In the second case, the first player still uses the control law \(\{U_*, \varepsilon , \varDelta _\delta \},\) and the strategy of the second player is \(v(t) \equiv 0.\) The corresponding result is

$$\begin{aligned} \gamma \approx \sqrt{\big (0.113 - 0.5 \big )^2 + \big (0.21 - 0.5 \big )^2 + 0.004^2 + 0.004^2} \approx 0.484 < \varGamma ^0. \end{aligned}$$

For comparison, we considered also the third case when \(\omega = 0\) in (53) (i.e., \(v(t) \equiv 0,\) and the first player knows about it). In this case, when the first player uses the corresponding optimal strategy, we have

$$\begin{aligned} \gamma \approx \sqrt{\big (0.377 - 0.5 \big )^2 + \big (0.464 - 0.5 \big )^2 + 0.022^2 + 0.028^2} \approx 0.133. \end{aligned}$$

The realized trajectories \(r^{(i)}[0[\cdot ]2],\)\(i = \overline{1,3},\) of the material point in these three cases are shown in Fig. 1. The target points A and B are marked by black diamonds. The points on the trajectories realized at the times \(\vartheta _1 = 1\) and \(\vartheta _2 = 2\) are marked by white circles.

9 Conclusion

The goal of the paper was to survey the results concerning the differential games of type (1)–(3) from theory to numerical methods.

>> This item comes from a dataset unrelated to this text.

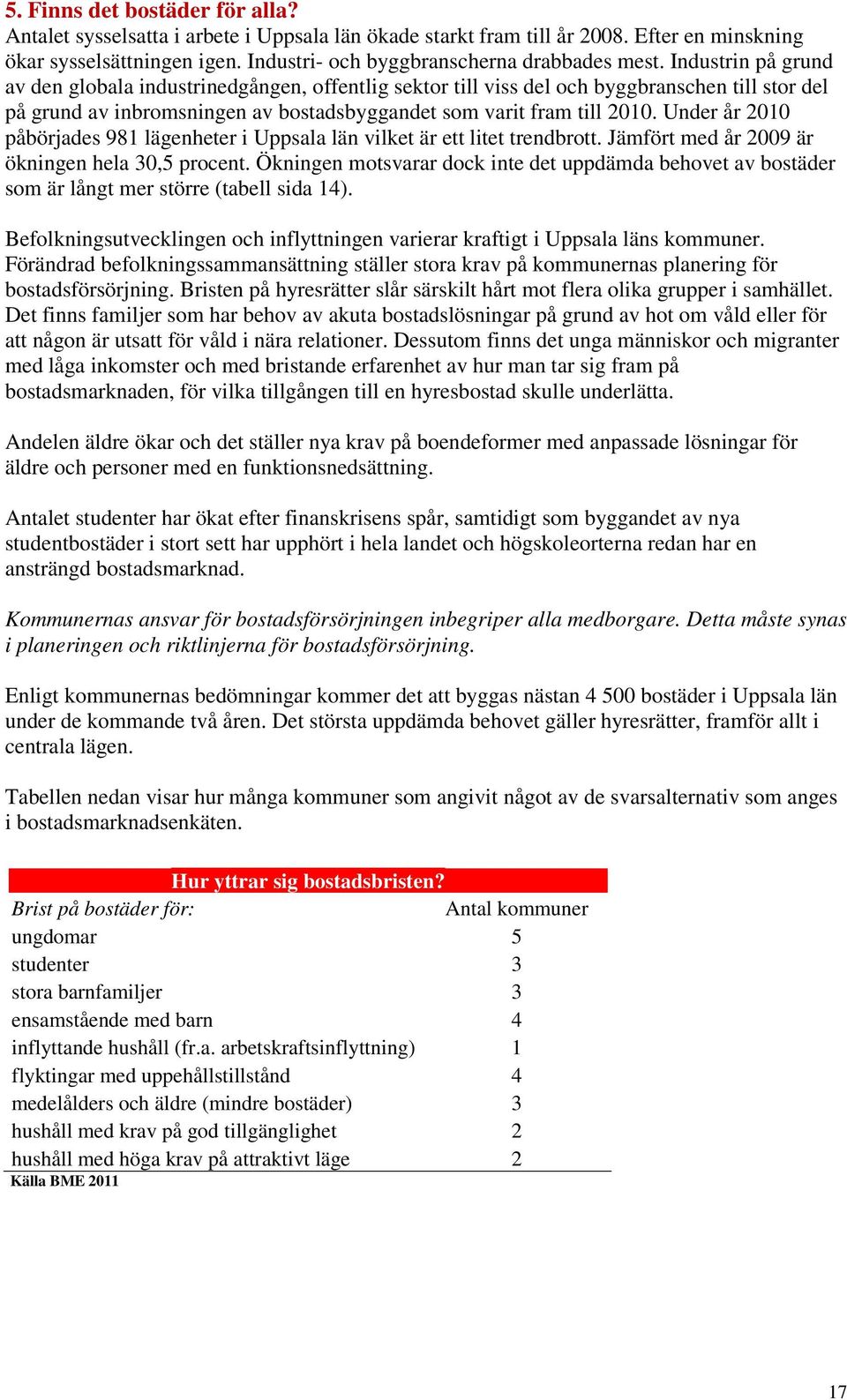 Under år 2010 påbörjades 981 lägenheter i Uppsala län vilket är ett litet trendbrott. Jämfört med år 2009 är ökningen hela 30,5 procent.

The main theoretical results obtained for such differential games are summarized in Theorems 1 and 2. Theorem 1 establishes the existence of the value and saddle point of the game in the classes of strategies with memory of motion history (6), (7). Theorem 2 gives a sufficient condition for achieving the value and saddle point of the game on the strategies without memory (20), (21). This condition is the positional structure (28)–(30) of the quality index. The key point here is the appropriate modification of the method of extremal shift (25)–(27) for constructing the corresponding optimal strategies.

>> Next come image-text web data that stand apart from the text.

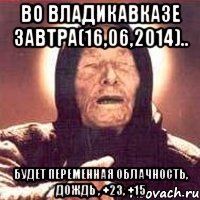 Во Владикавказе завтра(16,06,2014).. Будет переменная облачность, дождь , +23, +15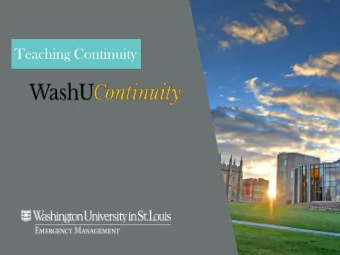 Teaching Continuity  Goals   Focus your planning efforts   Thinking inward rather than just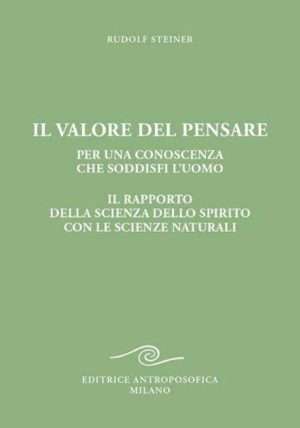 Antroposofia - Il valore del pensare steiner antroposofica libreria rotondi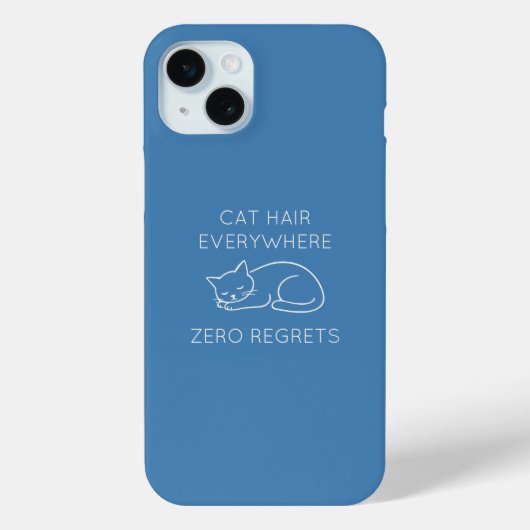 Cat hair everywhere zero regrets Case-Mate iPhoneケース (裏面)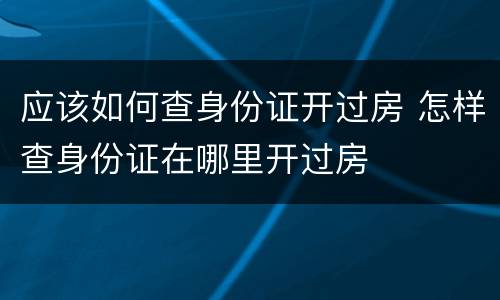 应该如何查身份证开过房 怎样查身份证在哪里开过房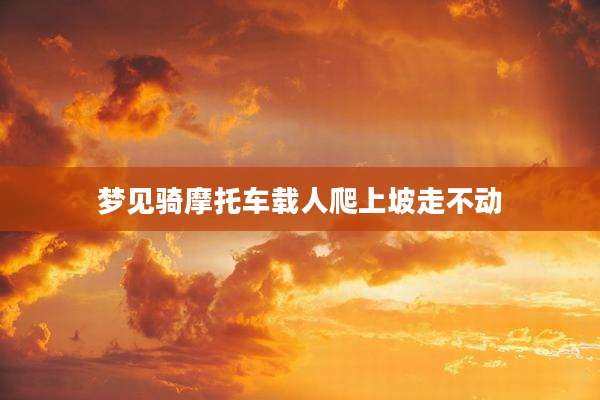梦见骑摩托车载人爬上坡走不动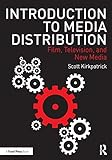 Introduction to Media Distribution: Film, Television, and New Media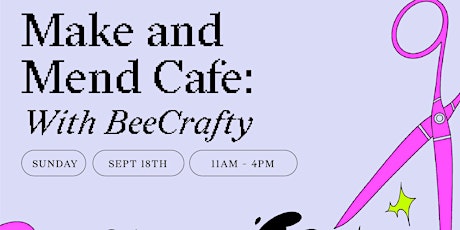 Make and Mend Cafe with BeeCrafty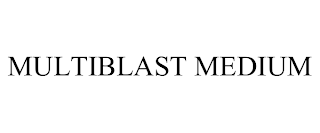 MULTIBLAST MEDIUM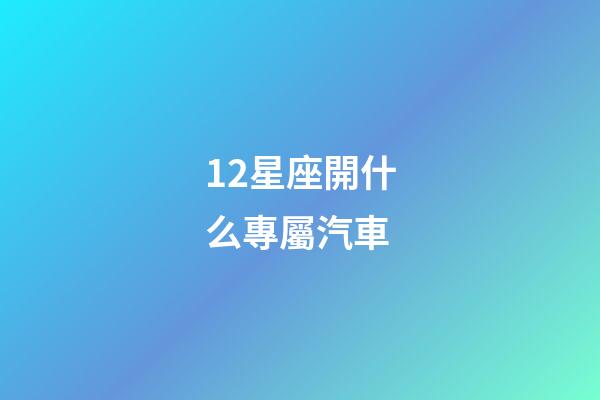 12星座開什么專屬汽車-第1張-星座運勢-玄機派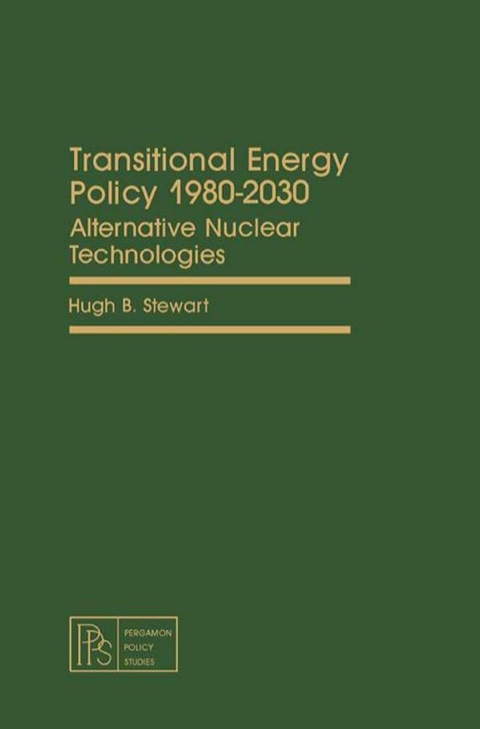 Cover image for book Transitional Energy Policy 1980-2030: Alternative Nuclear Technologies
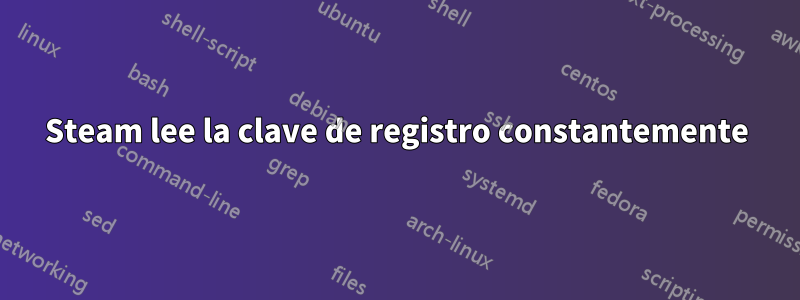 Steam lee la clave de registro constantemente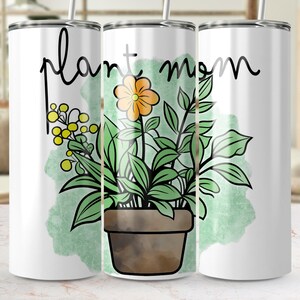 Plant Mom Tumbler Wrap digitaler Download, gerade und konisch zulaufende 20 Unzen Becher PNG, Sublimationsverpackung mit Blumenmuster, KOSTENLOSER BONUS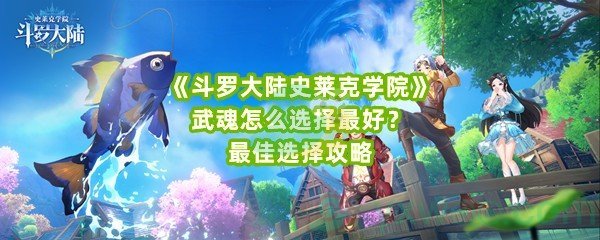 《斗罗大陆史莱克学院》武魂怎么选择最好？最佳选择攻略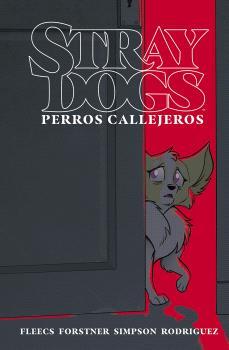 STRAY DOGS (PERROS CALLEJEROS) | 9788467955279 | FLEECS, TONY/FORSTNER, TRISH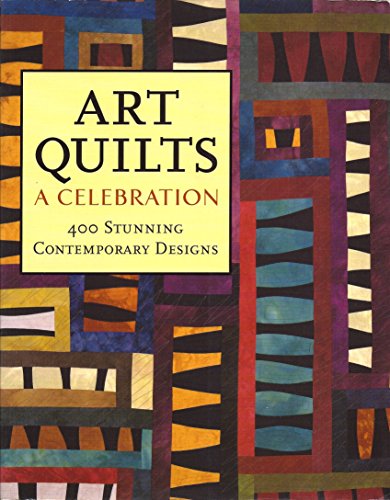 Beispielbild fr Art Quilts: A Celebration: 400 Stunning Contemporary Designs zum Verkauf von SecondSale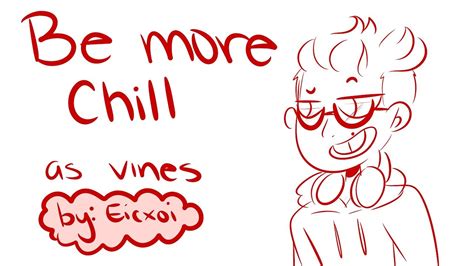 Be More Chill As Vines Youtube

The greatest progress in numerical methods for solving such differential games was achieved in the linear-convex case. In the paper, we focused on the so-called upper convex hulls method. It is based on the recurrent construction of the upper convex hulls of certain auxiliary functions and allows to compute the value of the game and the optimal strategies of the players. Firstly, we described this method for the games with terminal–integral quality index (33) (see Propositions 1 and 2). Then, we showed that it can be applied for the games with non-terminal quality index (37) (see Proposition 3) and gave its reduction for the case of positional quality index (43) (see Propositions 4 and 5). The upper convex hulls method is quite complicated. Nevertheless, it can be numerically realized on modern computers. To illustrate this, we considered the example in Sect. 8. Let us note that the most time-consuming part of the computations is constructing the upper convex hulls \(\varphi ^\pm _j(m),\)\(m \in G_j^\pm ,\)\(j = \overline{1, k + 1},\) according to the procedure (45)–(50). After this is done, all simulations of the game process can be performed in real time.